To explain this Supreme Court trend, at least in part, the Justice Department need only look in the mirror. These are often self-inflicted wounds. The “trust us” argument becomes harder when the case that lands before the Court seems to involve a poor exercise of prosecutorial discretion. This was true, for example, Yates v. United States, where prosecutors used an obstruction of justice statute with a twenty-year penalty to prosecute a captain who threw undersized fish overboard to avoid a civil fine. Or Bond v. United States, where a woman put Drano on the doorknob and mailbox of her romantic rival, causing a minor skin irritation, and was charged with a chemical weapons offense carrying up to life in prison.
When such cases make it to the Supreme Court, it becomes harder for the government to argue the Court should entrust prosecutors with criminal statutes that sweep as broadly as possible. That’s what led Justice Gorsuch to remark during the Van Buren argument that the Solicitor General’s office should not act as a mere “rubber stamp” when questionable cases stretching the boundaries of federal criminal law are brought by U.S. Attorneys.
In this case Van Buren’s conduct does seem worthy of prosecution. But it also seems clear there were other ways to punish him, either with other federal statutes (he was also charged with honest services fraud, but that charge may face a McDonnell issue) or with a Georgia state prosecution for bribery or other crimes.

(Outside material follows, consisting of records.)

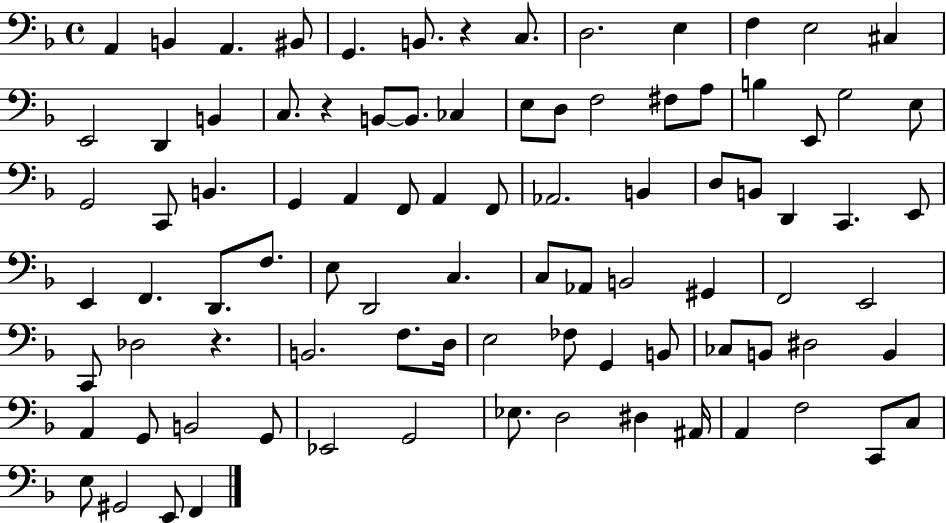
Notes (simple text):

A2/q B2/q A2/q. BIS2/e G2/q. B2/e. R/q C3/e. D3/h. E3/q F3/q E3/h C#3/q E2/h D2/q B2/q C3/e. R/q B2/e B2/e. CES3/q E3/e D3/e F3/h F#3/e A3/e B3/q E2/e G3/h E3/e G2/h C2/e B2/q. G2/q A2/q F2/e A2/q F2/e Ab2/h. B2/q D3/e B2/e D2/q C2/q. E2/e E2/q F2/q. D2/e. F3/e. E3/e D2/h C3/q. C3/e Ab2/e B2/h G#2/q F2/h E2/h C2/e Db3/h R/q. B2/h. F3/e. D3/s E3/h FES3/e G2/q B2/e CES3/e B2/e D#3/h B2/q A2/q G2/e B2/h G2/e Eb2/h G2/h Eb3/e. D3/h D#3/q A#2/s A2/q F3/h C2/e C3/e E3/e G#2/h E2/e F2/q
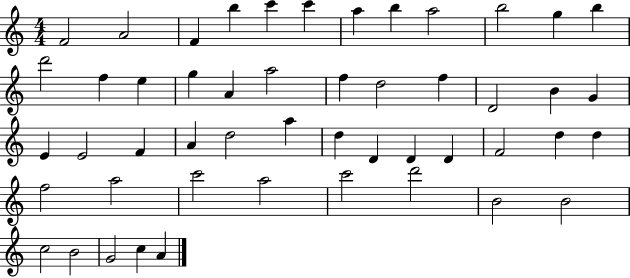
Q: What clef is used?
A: treble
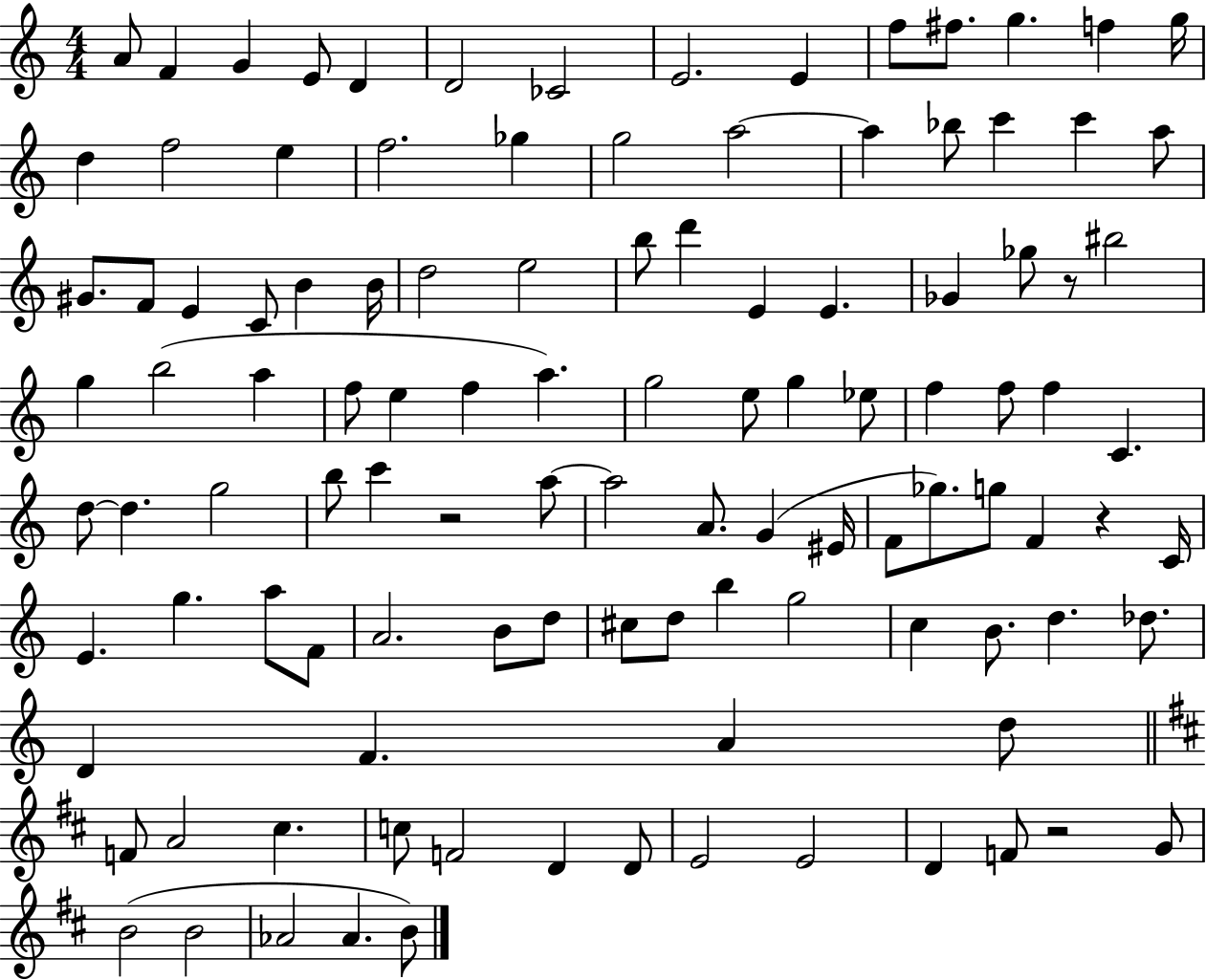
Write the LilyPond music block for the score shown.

{
  \clef treble
  \numericTimeSignature
  \time 4/4
  \key c \major
  a'8 f'4 g'4 e'8 d'4 | d'2 ces'2 | e'2. e'4 | f''8 fis''8. g''4. f''4 g''16 | \break d''4 f''2 e''4 | f''2. ges''4 | g''2 a''2~~ | a''4 bes''8 c'''4 c'''4 a''8 | \break gis'8. f'8 e'4 c'8 b'4 b'16 | d''2 e''2 | b''8 d'''4 e'4 e'4. | ges'4 ges''8 r8 bis''2 | \break g''4 b''2( a''4 | f''8 e''4 f''4 a''4.) | g''2 e''8 g''4 ees''8 | f''4 f''8 f''4 c'4. | \break d''8~~ d''4. g''2 | b''8 c'''4 r2 a''8~~ | a''2 a'8. g'4( eis'16 | f'8 ges''8.) g''8 f'4 r4 c'16 | \break e'4. g''4. a''8 f'8 | a'2. b'8 d''8 | cis''8 d''8 b''4 g''2 | c''4 b'8. d''4. des''8. | \break d'4 f'4. a'4 d''8 | \bar "||" \break \key d \major f'8 a'2 cis''4. | c''8 f'2 d'4 d'8 | e'2 e'2 | d'4 f'8 r2 g'8 | \break b'2( b'2 | aes'2 aes'4. b'8) | \bar "|."
}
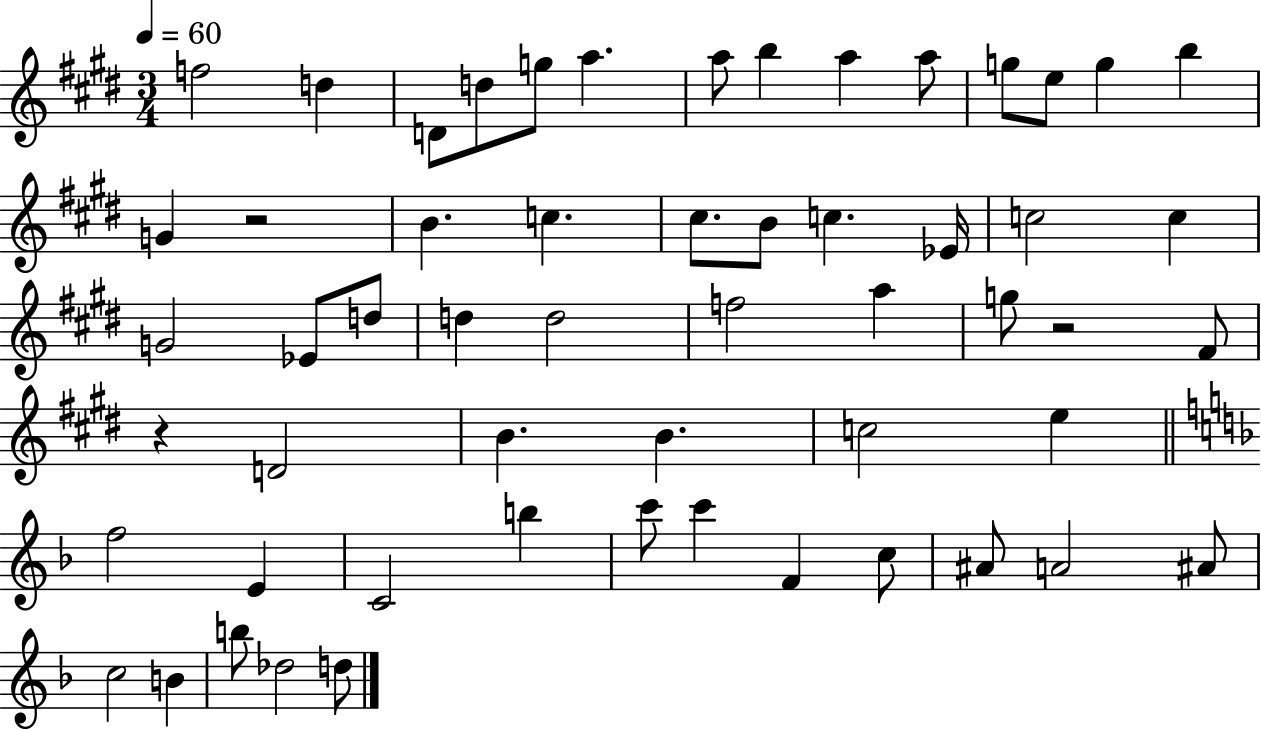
{
  \clef treble
  \numericTimeSignature
  \time 3/4
  \key e \major
  \tempo 4 = 60
  f''2 d''4 | d'8 d''8 g''8 a''4. | a''8 b''4 a''4 a''8 | g''8 e''8 g''4 b''4 | \break g'4 r2 | b'4. c''4. | cis''8. b'8 c''4. ees'16 | c''2 c''4 | \break g'2 ees'8 d''8 | d''4 d''2 | f''2 a''4 | g''8 r2 fis'8 | \break r4 d'2 | b'4. b'4. | c''2 e''4 | \bar "||" \break \key d \minor f''2 e'4 | c'2 b''4 | c'''8 c'''4 f'4 c''8 | ais'8 a'2 ais'8 | \break c''2 b'4 | b''8 des''2 d''8 | \bar "|."
}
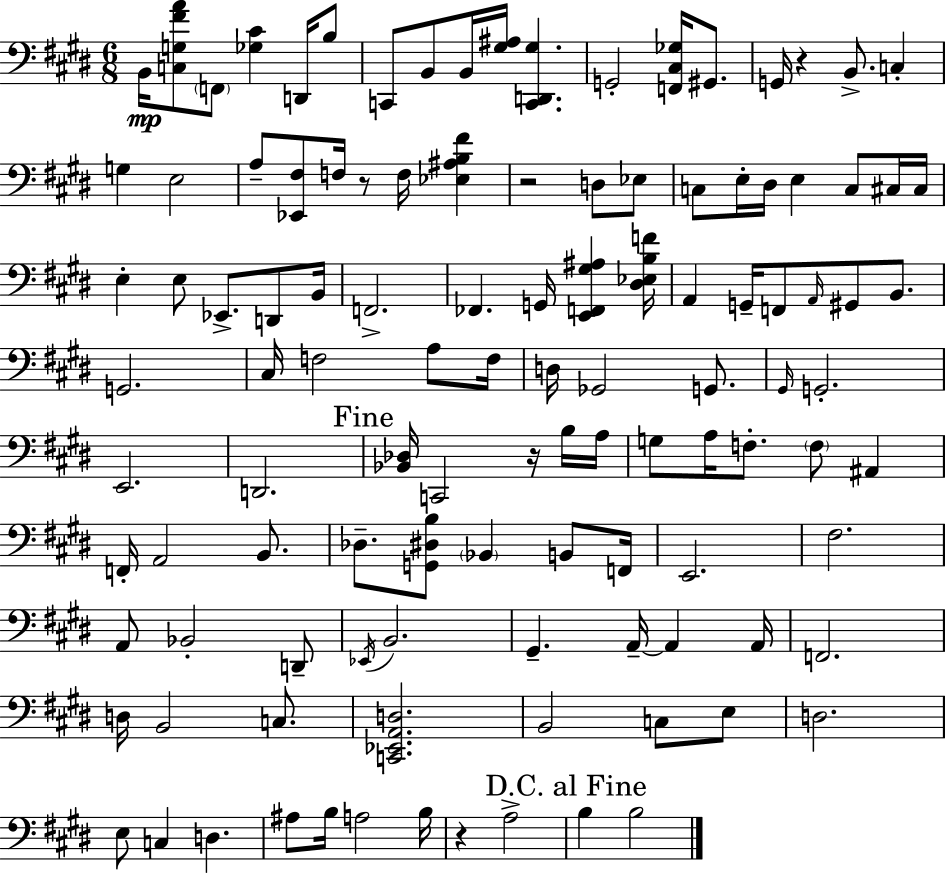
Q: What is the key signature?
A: E major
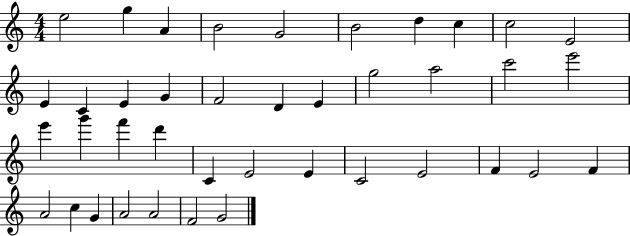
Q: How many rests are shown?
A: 0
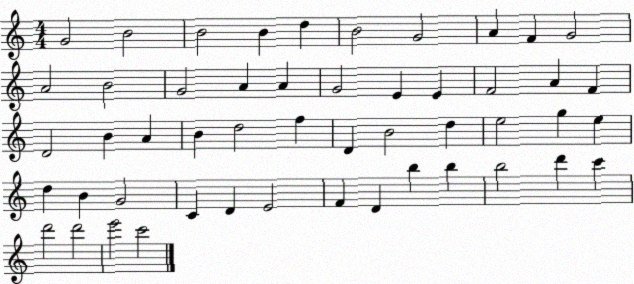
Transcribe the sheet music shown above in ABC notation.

X:1
T:Untitled
M:4/4
L:1/4
K:C
G2 B2 B2 B d B2 G2 A F G2 A2 B2 G2 A A G2 E E F2 A F D2 B A B d2 f D B2 d e2 g e d B G2 C D E2 F D b b b2 d' c' d'2 d'2 e'2 c'2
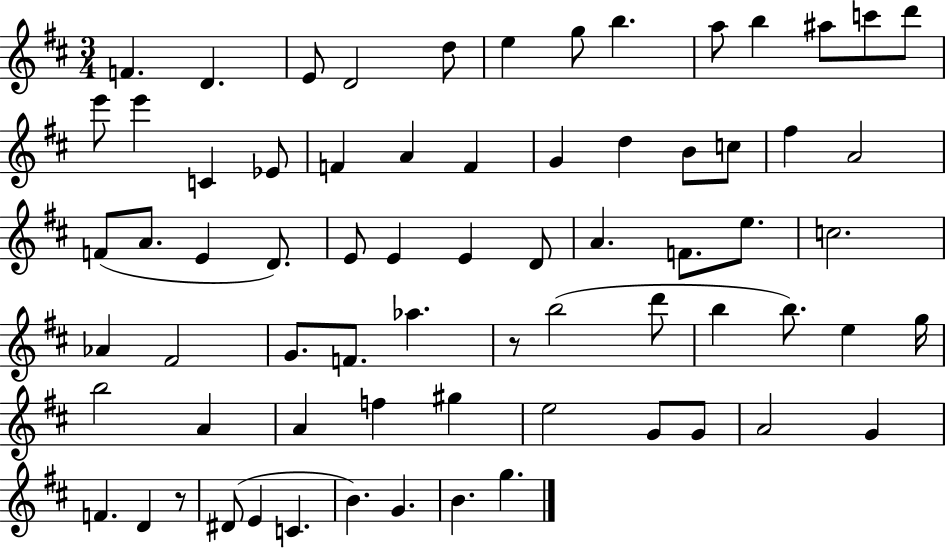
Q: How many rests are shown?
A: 2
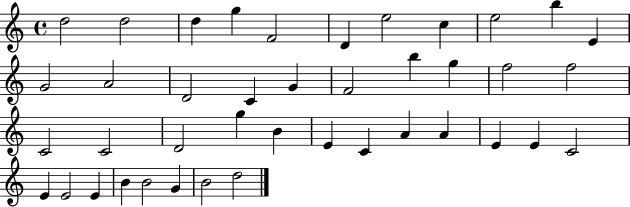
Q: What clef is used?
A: treble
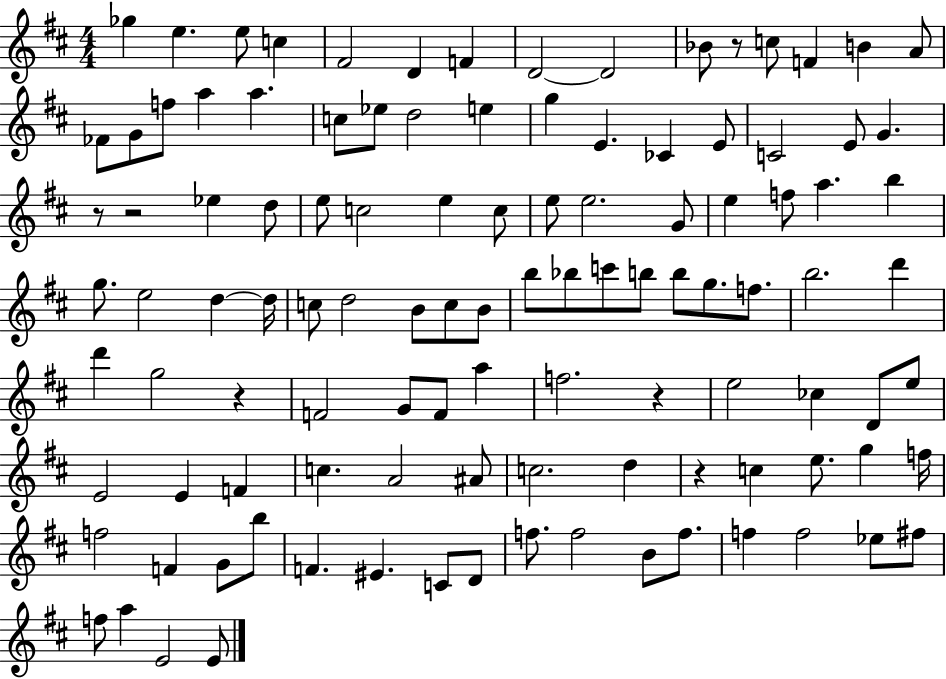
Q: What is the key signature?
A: D major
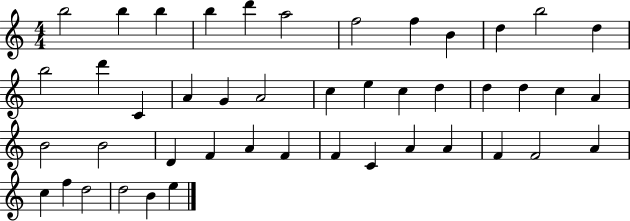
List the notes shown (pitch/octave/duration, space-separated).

B5/h B5/q B5/q B5/q D6/q A5/h F5/h F5/q B4/q D5/q B5/h D5/q B5/h D6/q C4/q A4/q G4/q A4/h C5/q E5/q C5/q D5/q D5/q D5/q C5/q A4/q B4/h B4/h D4/q F4/q A4/q F4/q F4/q C4/q A4/q A4/q F4/q F4/h A4/q C5/q F5/q D5/h D5/h B4/q E5/q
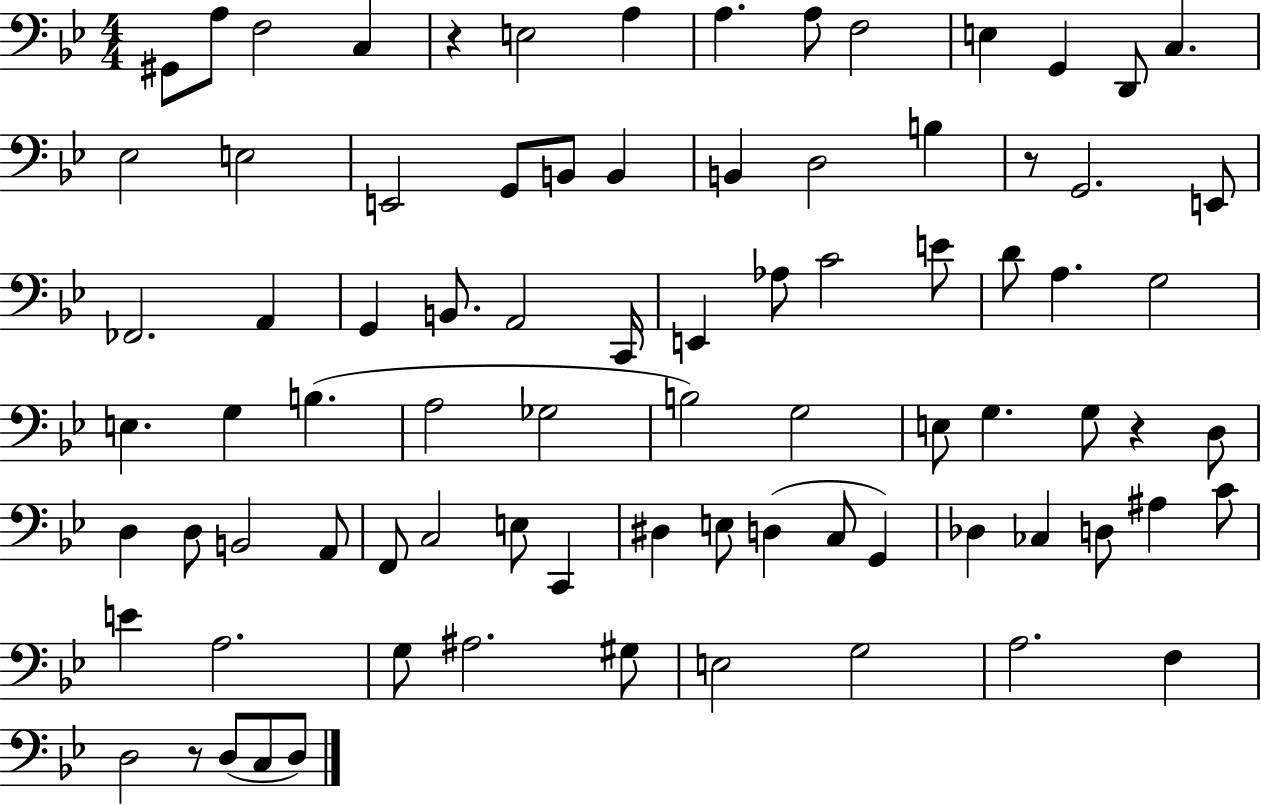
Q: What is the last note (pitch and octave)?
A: D3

There is no need for the Court to stretch the boundaries of the CFAA based a concern that there is otherwise no way to punish someone like Van Buren.
In Van Buren's case, the Court is likely to continue the trend identified by Justice Gorsuch. It will likely reject an expansive interpretation of the CFAA that turns almost all ordinary Americans into potential criminals. In this case, that's the right result.
You may now return to your Amazon shopping.